Our biggest disappointment was the failure of the General Assembly to support the independence of the Independent Ethics Commission, which has jurisdiction over legislators, in HB16-1216 (Facilitate Administration of IEC). The centerpiece of this bill was to remove the Attorney General’s office from providing legal counsel to the IEC and instead authorize and fund a separate, independent, in-house attorney for the IEC to support its mission as ethics arbiter for all state government. Legislative sponsors (Rep. McCann/Sen. Steadman) worked with stakeholders across the political spectrum and both the Secretary of State and Attorney General offices testified in support of the bill. Nevertheless, after passing the Colorado House, the bill was killed without explanation on a party-line vote in Senate committee.
A similar fate was met by SB16-37 (Public Access to Digitally Stored Data under CORA). Ethics Watch was part of a group of stakeholders who worked with the legislative sponsors (Sen. Kefalas/Rep. Pabon) to address the problem of government agents refusing to provide digitally stored documents and data in electronic form when processing Colorado Open Records Act requests. As we highlighted in our 21st Century Sunshine report, CORA provisions are in desperate need of updating to reflect the modern technological age of public record generation and storage. Despite testimony from a range of organizations across the political spectrum in favor of the bill, it was killed in its first committee hearing in the Senate, where legislators stated concerns about how the bill would affect CORA requests on legislators. We will participate in an official working group convened by the Secretary of State’s office this summer to craft solutions to this problem for future legislation.

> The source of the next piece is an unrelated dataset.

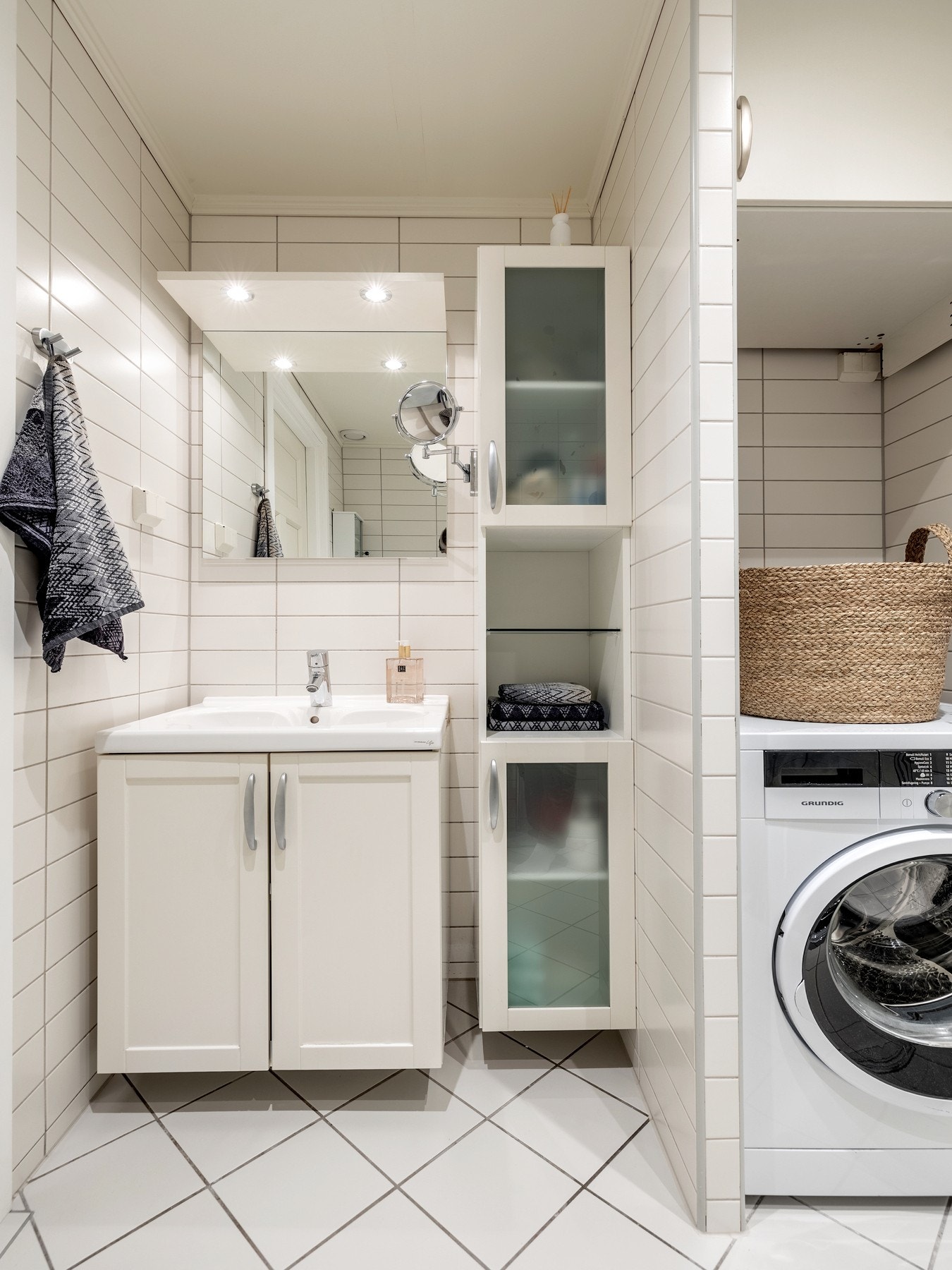 Badet ved gangen er utstyrt med flislagte vegger- og gulv, varmekabler og innfelt downlights. Galleribilde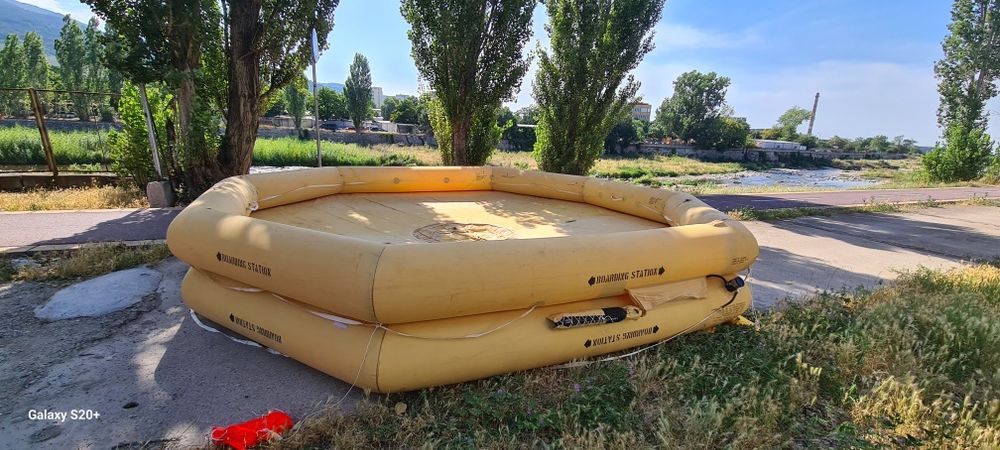 Авариен спасителен сал за 46 personen внос от САЩ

Finally, our attempt to prevent a minor loophole in campaign finance public disclosure from becoming a major problem was stymied when HB16-1343 (Disclosure of Party Communication Activity) was killed in Senate State Affairs Committee. This bill would have required public disclosure and “paid for by” statements for ads that are run in the final weeks of an election to support or oppose a political party or candidates from one political party and spending at any time of the year that urges the viewer to vote for or against candidates from a particular political party. The wording of current law in Colorado only triggers these transparency requirements when a specific candidate is named, thereby creating a loophole for groups wishing to remain in the shadows while trying to influence voters to vote for one party’s ticket. Legislative sponsors (Reps. Kagan & Becker/Sen. Carroll) passed the bill through the Colorado House, but the Senate State Affairs Committee killed it on a party-line vote without much discussion.
The reluctance of the General Assembly to pass legislation that increases the transparency and accountability of the legislative branch operations and campaigns to the voters is troubling. This is the reason why many ethics, money in politics and sunshine laws are passed directly by the people through ballot measures.